Eero gave a much better way to write this regexp.
But why is it so bad, in particular for the string
below? The string has 37 'b's, and you are asking
it to try all different ways it can be split into
nine non-empty substrings (the first of which has
to consist of 'b's only), followed by an [a]. It's
surprising that this only takes 23 seconds! 
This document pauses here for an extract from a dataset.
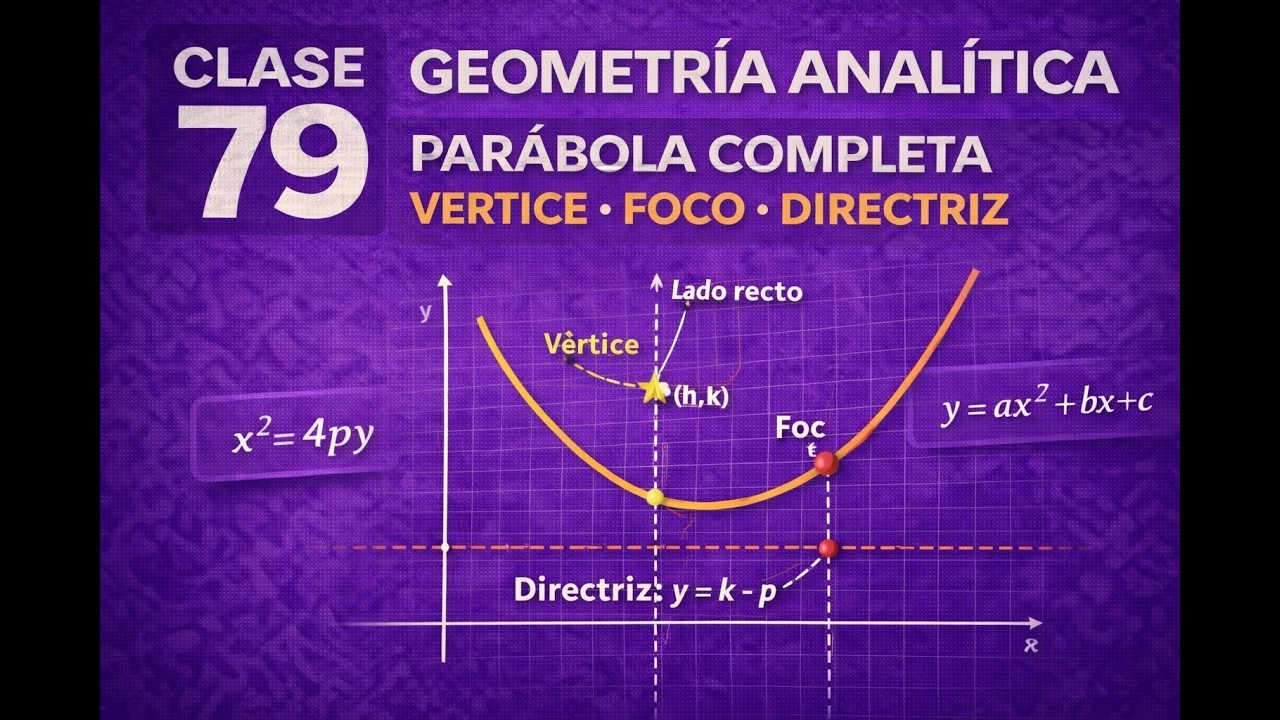 🧮 Clase 79 – Geometría Analítica (Parábola Completa: Vértice, Foco y Directriz) | Matemáticas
Theory about regular expressions (formal language theory)
says there shouldn't be any difference, but Ruby regular
expressions (same for Perl, Python, and so on) are not
really regular expressions in the formal sense anymore,
because they allow capturing and many more neat practical
things. So the implementation uses backtracking, and
your regexp above creates a lot of backtracking.
For details on how to write good regular expressions,
please see Jeffrey Friedl's book
(e.g. at
http://www.amazon.com/Mastering-Regular-Expressions-Jeffrey-Friedl/dp/0596528124/)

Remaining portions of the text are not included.